#### Task statement
Where a record contains a picture, omit it; otherwise reproduce the listing exactly.

#### Excerpted records
>>

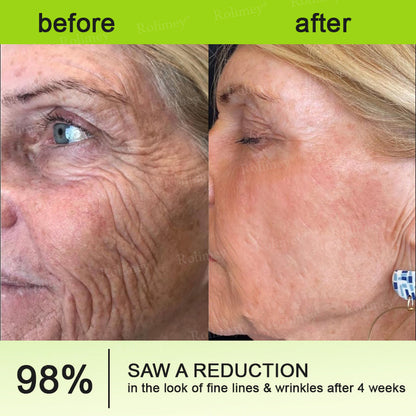 ☀️Made and shipped from the UK 💫Rolimey® Botox & Vita-A Retinol Shot Wrinkle-Lift Tightening cream - Last Day Promotion 70% OFF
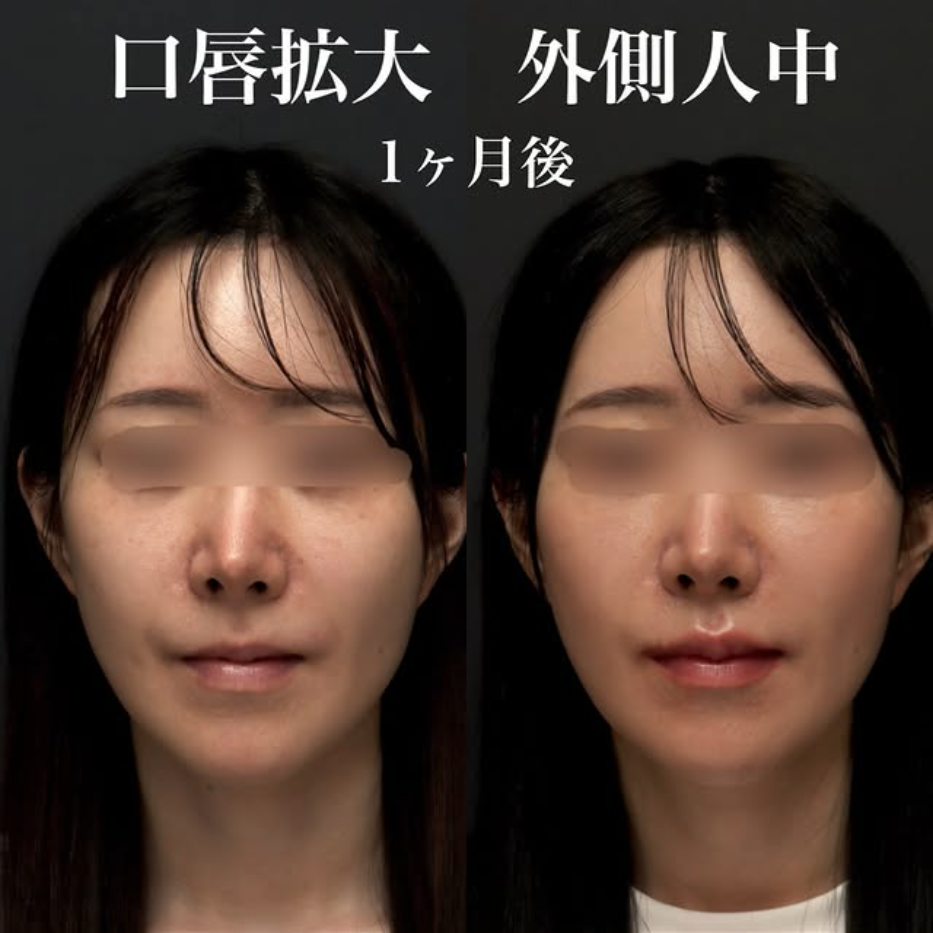 口唇拡大+外側人中短縮の症例(ビフォーアフター)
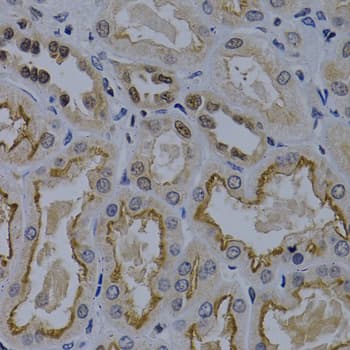 IHC-plus™ Polyclonal Rabbit anti-Human TNFRSF6B / DCR3 Antibody (IHC, WB)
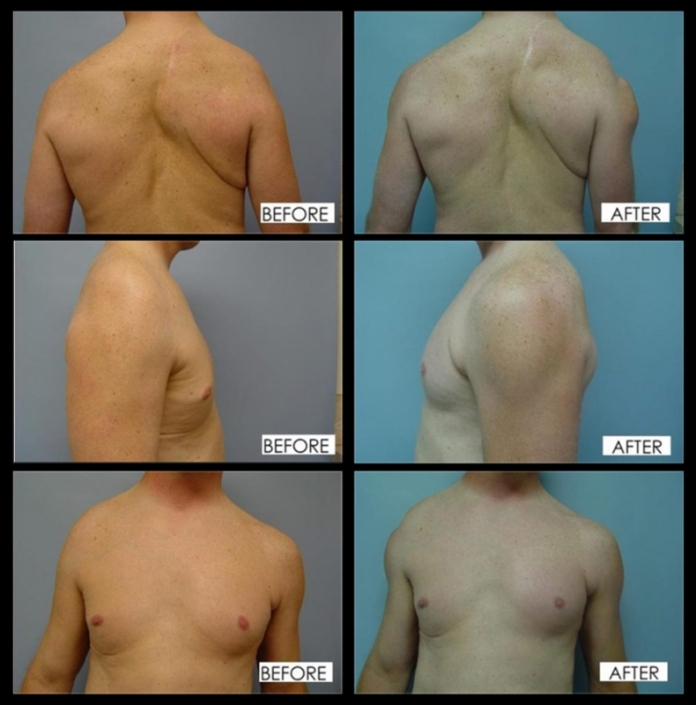 Male Deltoid Implants - Plastic Surgery for Men - Muscle Implants - Before and After Photos - Los Angeles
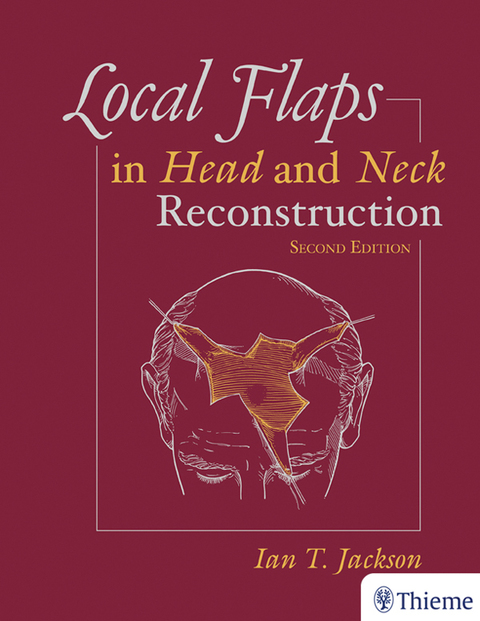 Local Flaps in Head and Neck Reconstruction 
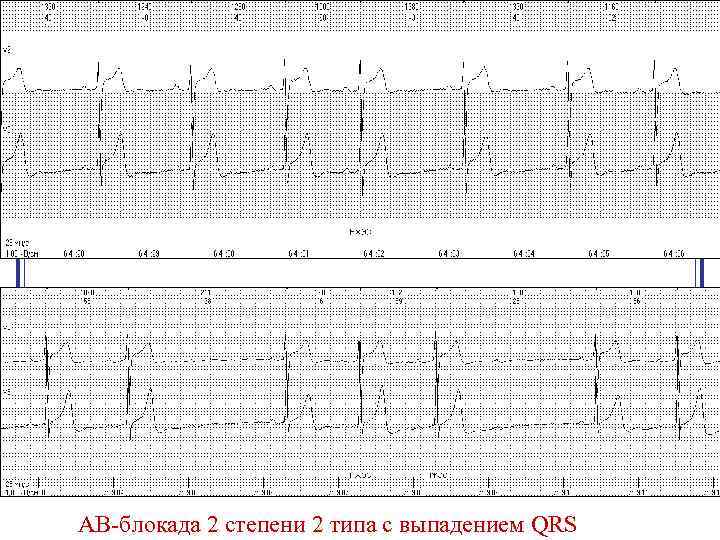 АВ-блокада 2 степени 2 типа с выпадением QRS 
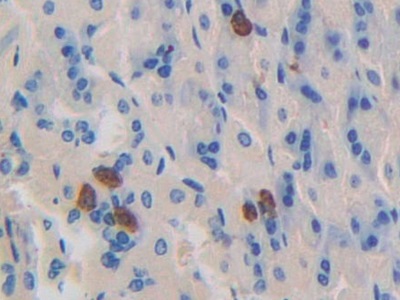 Polyclonal Antibody to Dynamin 1 (DNM1)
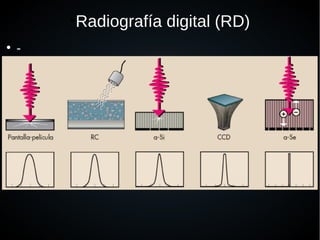 ●
Radiografía digital (RD)
●
-
 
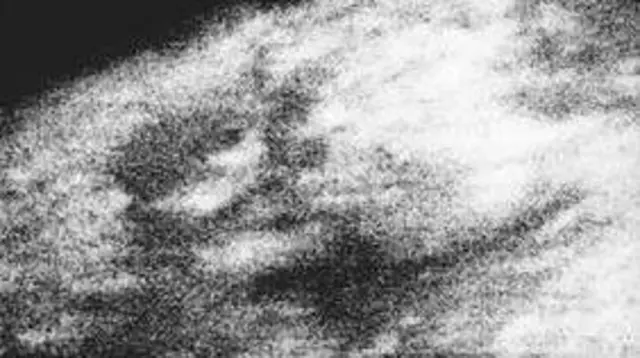 A black-and-white image that is extremely grainy with not much definition; patches of white and black can be seen forming the shape of a sphere close up.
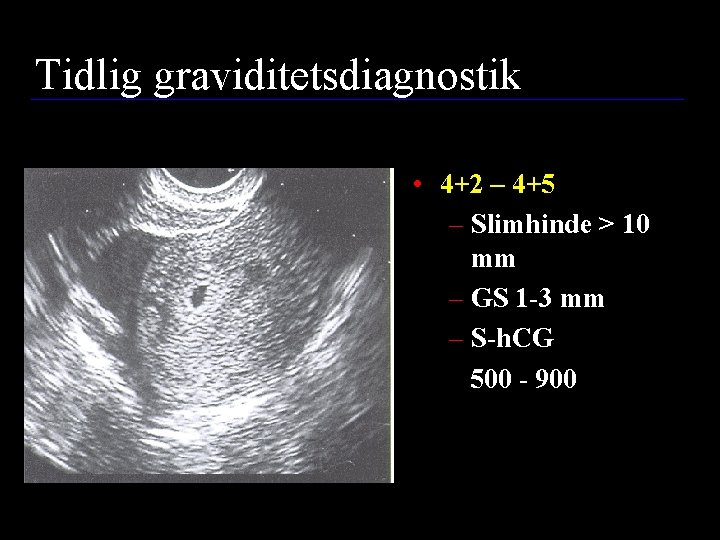 Tidlig graviditetsdiagnostik • 4+2 – 4+5 – Slimhinde > 10 mm – GS 1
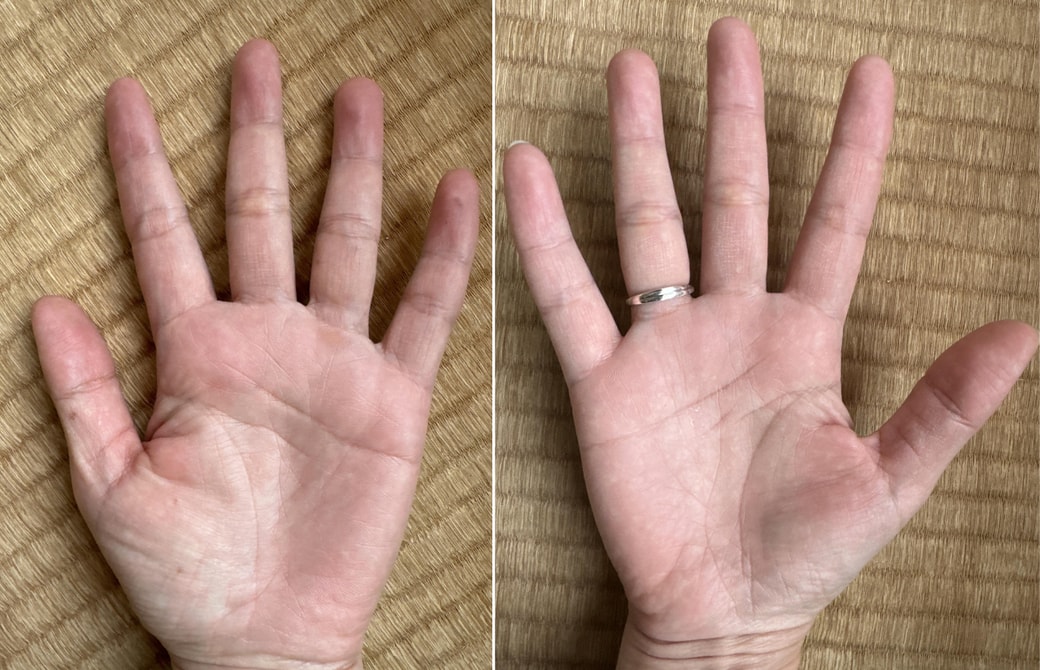 手相のファミリーリングの意味！右手左手・子宝・性別Spicomi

<<

#### Answer box
 ☀️Made and shipped from the UK 💫Rolimey® Botox & Vita-A Retinol Shot Wrinkle-Lift Tightening cream - Last Day Promotion 70% OFF
 口唇拡大+外側人中短縮の症例(ビフォーアフター)
 IHC-plus™ Polyclonal Rabbit anti-Human TNFRSF6B / DCR3 Antibody (IHC, WB)
 Male Deltoid Implants - Plastic Surgery for Men - Muscle Implants - Before and After Photos - Los Angeles
 Local Flaps in Head and Neck Reconstruction 
 АВ-блокада 2 степени 2 типа с выпадением QRS 
 Polyclonal Antibody to Dynamin 1 (DNM1)
 ●
Radiografía digital (RD)
●
-
 
 A black-and-white image that is extremely grainy with not much definition; patches of white and black can be seen forming the shape of a sphere close up.
 Tidlig graviditetsdiagnostik • 4+2 – 4+5 – Slimhinde > 10 mm – GS 1
 手相のファミリーリングの意味！右手左手・子宝・性別Spicomi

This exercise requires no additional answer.